[WHAT YOU ARE ASKED TO DO] Word for word, set down every line of the entries below from the line with "Exclusive licensing agreement" to the line with "Azelaic Acid 10", including both, and no other line.

Brief descriptive captions
◇ ◇ ◇

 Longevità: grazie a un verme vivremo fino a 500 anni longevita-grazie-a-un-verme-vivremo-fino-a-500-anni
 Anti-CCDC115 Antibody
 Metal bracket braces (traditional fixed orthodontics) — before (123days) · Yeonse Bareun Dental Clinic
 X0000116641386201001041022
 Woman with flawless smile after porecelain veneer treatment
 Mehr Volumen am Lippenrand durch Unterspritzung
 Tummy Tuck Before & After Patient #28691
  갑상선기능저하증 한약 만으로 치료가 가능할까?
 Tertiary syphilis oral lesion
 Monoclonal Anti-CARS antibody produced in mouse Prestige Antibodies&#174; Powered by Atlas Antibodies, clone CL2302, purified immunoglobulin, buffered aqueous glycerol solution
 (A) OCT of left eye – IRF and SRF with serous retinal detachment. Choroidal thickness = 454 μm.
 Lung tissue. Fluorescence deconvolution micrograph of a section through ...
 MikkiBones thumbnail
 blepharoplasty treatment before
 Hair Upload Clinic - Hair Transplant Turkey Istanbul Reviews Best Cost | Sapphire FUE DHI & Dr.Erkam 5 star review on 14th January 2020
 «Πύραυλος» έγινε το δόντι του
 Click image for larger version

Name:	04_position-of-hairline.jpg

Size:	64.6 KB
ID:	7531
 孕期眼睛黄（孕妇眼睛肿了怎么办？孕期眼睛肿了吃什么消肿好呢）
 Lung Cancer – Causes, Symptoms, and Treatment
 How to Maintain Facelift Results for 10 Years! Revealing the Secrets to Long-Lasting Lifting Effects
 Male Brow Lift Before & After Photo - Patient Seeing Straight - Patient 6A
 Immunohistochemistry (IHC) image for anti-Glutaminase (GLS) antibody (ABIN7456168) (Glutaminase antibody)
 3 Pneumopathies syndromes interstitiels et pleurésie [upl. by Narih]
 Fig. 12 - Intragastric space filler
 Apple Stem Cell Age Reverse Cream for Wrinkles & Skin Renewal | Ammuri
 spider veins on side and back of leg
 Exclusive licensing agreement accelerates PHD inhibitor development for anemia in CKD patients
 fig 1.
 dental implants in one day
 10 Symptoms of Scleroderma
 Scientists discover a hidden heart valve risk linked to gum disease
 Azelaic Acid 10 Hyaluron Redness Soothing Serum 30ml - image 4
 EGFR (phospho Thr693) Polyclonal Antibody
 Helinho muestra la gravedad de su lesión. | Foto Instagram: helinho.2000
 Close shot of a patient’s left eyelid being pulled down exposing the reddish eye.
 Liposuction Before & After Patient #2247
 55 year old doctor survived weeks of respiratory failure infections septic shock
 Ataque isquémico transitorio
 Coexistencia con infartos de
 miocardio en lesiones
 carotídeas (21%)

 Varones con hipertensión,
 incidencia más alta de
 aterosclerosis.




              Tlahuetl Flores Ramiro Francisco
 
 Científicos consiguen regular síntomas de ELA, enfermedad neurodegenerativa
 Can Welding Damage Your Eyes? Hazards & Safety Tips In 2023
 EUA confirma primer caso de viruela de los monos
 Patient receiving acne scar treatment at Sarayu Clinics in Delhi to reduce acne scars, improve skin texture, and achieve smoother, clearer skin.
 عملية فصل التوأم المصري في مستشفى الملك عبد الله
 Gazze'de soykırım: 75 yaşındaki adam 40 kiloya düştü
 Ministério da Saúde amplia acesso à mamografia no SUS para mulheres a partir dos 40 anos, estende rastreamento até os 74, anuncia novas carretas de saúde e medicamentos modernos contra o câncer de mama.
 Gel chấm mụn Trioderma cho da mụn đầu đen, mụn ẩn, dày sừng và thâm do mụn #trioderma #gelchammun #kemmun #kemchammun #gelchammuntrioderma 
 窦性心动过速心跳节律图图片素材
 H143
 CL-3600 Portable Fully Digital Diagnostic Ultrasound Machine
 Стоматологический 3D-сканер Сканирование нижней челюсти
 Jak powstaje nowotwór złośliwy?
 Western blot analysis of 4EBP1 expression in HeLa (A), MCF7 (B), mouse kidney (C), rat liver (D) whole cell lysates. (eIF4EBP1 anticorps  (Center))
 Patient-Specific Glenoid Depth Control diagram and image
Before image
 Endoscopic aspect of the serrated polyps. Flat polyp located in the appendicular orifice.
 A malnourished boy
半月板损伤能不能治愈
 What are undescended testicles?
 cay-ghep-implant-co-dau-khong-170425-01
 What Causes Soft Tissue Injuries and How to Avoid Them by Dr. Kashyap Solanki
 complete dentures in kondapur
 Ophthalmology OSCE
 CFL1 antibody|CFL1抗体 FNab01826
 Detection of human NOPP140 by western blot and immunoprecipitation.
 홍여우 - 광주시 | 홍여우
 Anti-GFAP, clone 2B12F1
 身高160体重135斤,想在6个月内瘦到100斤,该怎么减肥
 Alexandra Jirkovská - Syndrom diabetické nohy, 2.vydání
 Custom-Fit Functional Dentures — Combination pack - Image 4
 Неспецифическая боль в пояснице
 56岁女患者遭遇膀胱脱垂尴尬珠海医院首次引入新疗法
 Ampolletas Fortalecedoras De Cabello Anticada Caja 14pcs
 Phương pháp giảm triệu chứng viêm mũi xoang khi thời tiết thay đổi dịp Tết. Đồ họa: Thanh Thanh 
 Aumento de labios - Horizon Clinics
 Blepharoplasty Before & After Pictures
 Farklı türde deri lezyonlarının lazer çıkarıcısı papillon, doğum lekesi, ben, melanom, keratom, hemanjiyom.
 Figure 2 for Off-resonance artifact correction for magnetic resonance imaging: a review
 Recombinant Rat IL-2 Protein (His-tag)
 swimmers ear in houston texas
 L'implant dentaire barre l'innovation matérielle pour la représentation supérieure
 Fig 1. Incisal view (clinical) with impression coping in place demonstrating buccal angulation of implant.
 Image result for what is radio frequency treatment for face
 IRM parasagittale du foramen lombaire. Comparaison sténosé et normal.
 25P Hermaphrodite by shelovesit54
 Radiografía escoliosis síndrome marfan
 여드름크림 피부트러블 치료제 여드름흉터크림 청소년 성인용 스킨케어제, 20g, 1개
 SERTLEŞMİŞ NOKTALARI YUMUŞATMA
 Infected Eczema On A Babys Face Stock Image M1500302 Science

◇ ◇ ◇

[WRITTEN SOLUTION]
 Exclusive licensing agreement accelerates PHD inhibitor development for anemia in CKD patients
 fig 1.
 dental implants in one day
 10 Symptoms of Scleroderma
 Scientists discover a hidden heart valve risk linked to gum disease
 Azelaic Acid 10 Hyaluron Redness Soothing Serum 30ml - image 4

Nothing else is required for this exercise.